● What you need to do
Reproduce the data in full, exactly.

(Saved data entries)
------------------------------

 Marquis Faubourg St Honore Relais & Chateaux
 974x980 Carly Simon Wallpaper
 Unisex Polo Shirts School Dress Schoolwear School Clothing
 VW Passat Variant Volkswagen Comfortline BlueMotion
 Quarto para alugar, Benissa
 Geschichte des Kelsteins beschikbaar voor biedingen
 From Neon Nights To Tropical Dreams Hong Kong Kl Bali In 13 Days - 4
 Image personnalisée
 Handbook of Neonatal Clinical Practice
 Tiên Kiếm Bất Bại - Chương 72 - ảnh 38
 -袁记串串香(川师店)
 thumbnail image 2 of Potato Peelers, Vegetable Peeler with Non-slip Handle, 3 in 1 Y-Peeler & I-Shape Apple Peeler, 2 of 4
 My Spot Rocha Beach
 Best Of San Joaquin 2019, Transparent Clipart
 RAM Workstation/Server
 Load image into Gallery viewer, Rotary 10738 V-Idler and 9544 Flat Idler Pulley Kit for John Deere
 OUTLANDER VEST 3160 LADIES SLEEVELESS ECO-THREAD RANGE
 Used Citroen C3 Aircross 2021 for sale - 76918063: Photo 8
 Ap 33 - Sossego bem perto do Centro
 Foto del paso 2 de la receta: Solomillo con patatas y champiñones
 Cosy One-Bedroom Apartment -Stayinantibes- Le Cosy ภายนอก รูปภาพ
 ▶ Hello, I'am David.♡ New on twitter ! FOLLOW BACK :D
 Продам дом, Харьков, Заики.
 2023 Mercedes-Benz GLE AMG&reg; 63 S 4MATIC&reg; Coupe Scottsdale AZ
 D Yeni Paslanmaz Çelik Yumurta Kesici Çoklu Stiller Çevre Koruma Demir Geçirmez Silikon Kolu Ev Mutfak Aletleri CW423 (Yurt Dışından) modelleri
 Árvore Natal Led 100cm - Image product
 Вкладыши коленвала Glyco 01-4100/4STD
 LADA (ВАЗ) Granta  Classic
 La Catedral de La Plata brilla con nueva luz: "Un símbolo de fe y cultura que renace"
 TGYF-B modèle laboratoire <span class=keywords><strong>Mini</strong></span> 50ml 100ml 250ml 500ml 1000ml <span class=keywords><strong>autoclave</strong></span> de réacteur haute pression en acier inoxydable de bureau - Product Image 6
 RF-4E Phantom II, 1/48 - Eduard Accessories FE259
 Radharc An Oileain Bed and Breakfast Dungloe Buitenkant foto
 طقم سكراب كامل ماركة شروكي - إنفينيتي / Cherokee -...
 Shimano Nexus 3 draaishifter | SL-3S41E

------------------------------

● Answer to this task
 Marquis Faubourg St Honore Relais & Chateaux
 974x980 Carly Simon Wallpaper
 Unisex Polo Shirts School Dress Schoolwear School Clothing
 VW Passat Variant Volkswagen Comfortline BlueMotion
 Quarto para alugar, Benissa
 Geschichte des Kelsteins beschikbaar voor biedingen
 From Neon Nights To Tropical Dreams Hong Kong Kl Bali In 13 Days - 4
 Image personnalisée
 Handbook of Neonatal Clinical Practice
 Tiên Kiếm Bất Bại - Chương 72 - ảnh 38
 -袁记串串香(川师店)
 thumbnail image 2 of Potato Peelers, Vegetable Peeler with Non-slip Handle, 3 in 1 Y-Peeler & I-Shape Apple Peeler, 2 of 4
 My Spot Rocha Beach
 Best Of San Joaquin 2019, Transparent Clipart
 RAM Workstation/Server
 Load image into Gallery viewer, Rotary 10738 V-Idler and 9544 Flat Idler Pulley Kit for John Deere
 OUTLANDER VEST 3160 LADIES SLEEVELESS ECO-THREAD RANGE
 Used Citroen C3 Aircross 2021 for sale - 76918063: Photo 8
 Ap 33 - Sossego bem perto do Centro
 Foto del paso 2 de la receta: Solomillo con patatas y champiñones
 Cosy One-Bedroom Apartment -Stayinantibes- Le Cosy ภายนอก รูปภาพ
 ▶ Hello, I'am David.♡ New on twitter ! FOLLOW BACK :D
 Продам дом, Харьков, Заики.
 2023 Mercedes-Benz GLE AMG&reg; 63 S 4MATIC&reg; Coupe Scottsdale AZ
 D Yeni Paslanmaz Çelik Yumurta Kesici Çoklu Stiller Çevre Koruma Demir Geçirmez Silikon Kolu Ev Mutfak Aletleri CW423 (Yurt Dışından) modelleri
 Árvore Natal Led 100cm - Image product
 Вкладыши коленвала Glyco 01-4100/4STD
 LADA (ВАЗ) Granta  Classic
 La Catedral de La Plata brilla con nueva luz: "Un símbolo de fe y cultura que renace"
 TGYF-B modèle laboratoire <span class=keywords><strong>Mini</strong></span> 50ml 100ml 250ml 500ml 1000ml <span class=keywords><strong>autoclave</strong></span> de réacteur haute pression en acier inoxydable de bureau - Product Image 6
 RF-4E Phantom II, 1/48 - Eduard Accessories FE259
 Radharc An Oileain Bed and Breakfast Dungloe Buitenkant foto
 طقم سكراب كامل ماركة شروكي - إنفينيتي / Cherokee -...
 Shimano Nexus 3 draaishifter | SL-3S41E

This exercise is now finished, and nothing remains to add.